● WHAT IS REQUIRED:
Apart from pictures, transcribe exactly each line from the one containing "Foto del evento Ultra Cañon Mariposas 2024" through the final line of the listing below.

● RECORDS PROVIDED:
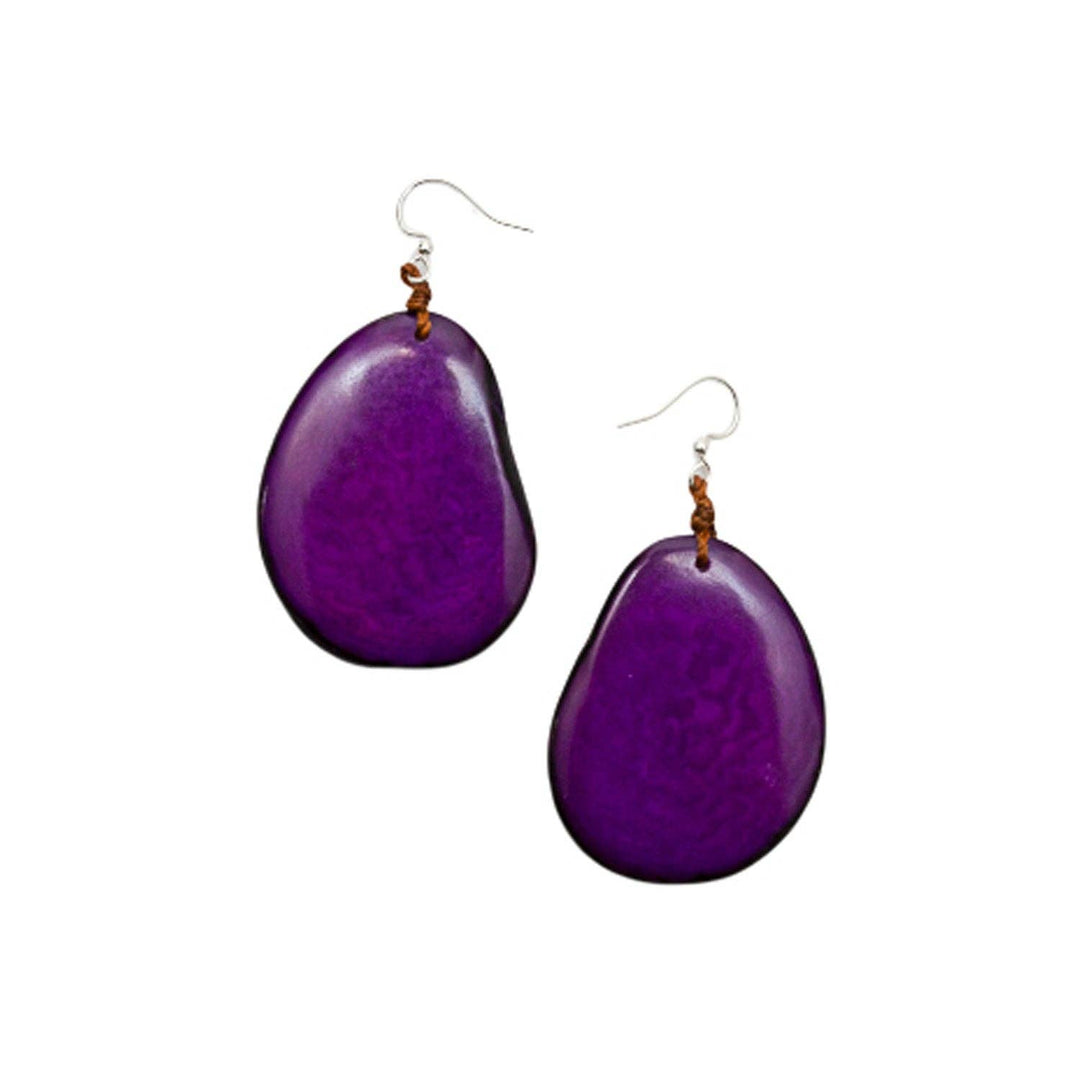 Amigas Earrings: 1E250-CH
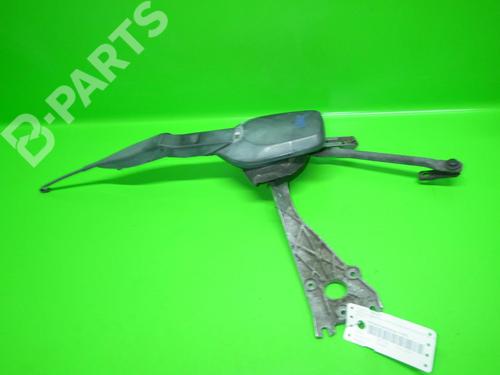 Used Front wipers mechanism MERCEDES-BENZ 124 Saloon (W124) 300 D (124.130) (109 hp) 6357229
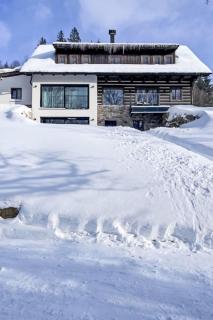 Holiday Home Pod hvězdami by Interhome - 6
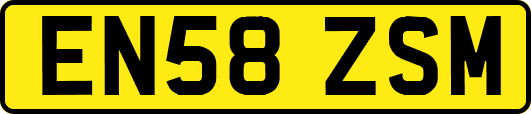 EN58ZSM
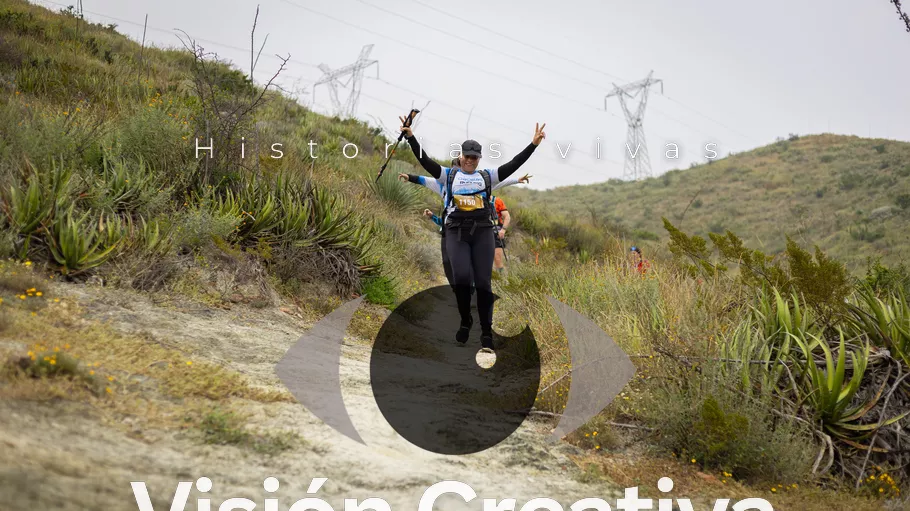 Foto del evento Ultra Cañon Mariposas 2024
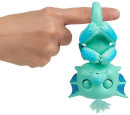Интерактивная игрушка Fingerlings Дракон Ноа от 5 лет бирюзовый2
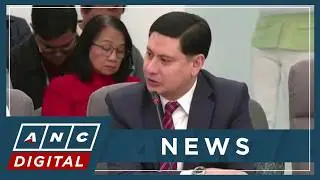 Defensor defends ICI: Babes Singson&rsquo;s integrity highlights good governance | ANC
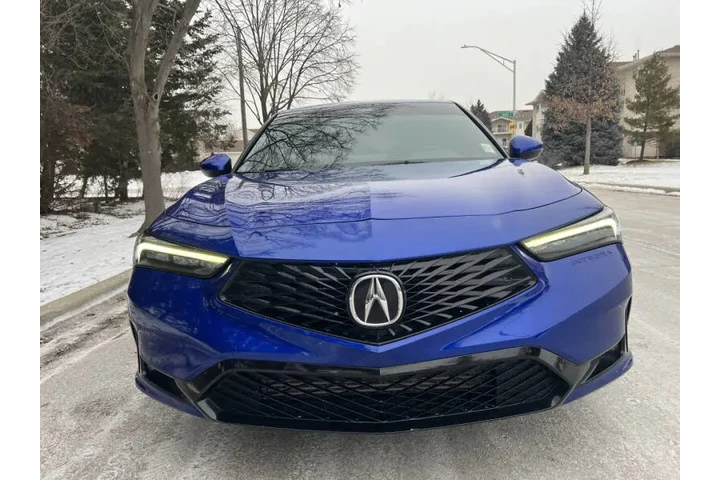 $24995 : 2024 Integra w/A-SPEC image 3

● EXPECTED ANSWER:
 Foto del evento Ultra Cañon Mariposas 2024
Интерактивная игрушка Fingerlings Дракон Ноа от 5 лет бирюзовый2
 Defensor defends ICI: Babes Singson&rsquo;s integrity highlights good governance | ANC
 $24995 : 2024 Integra w/A-SPEC image 3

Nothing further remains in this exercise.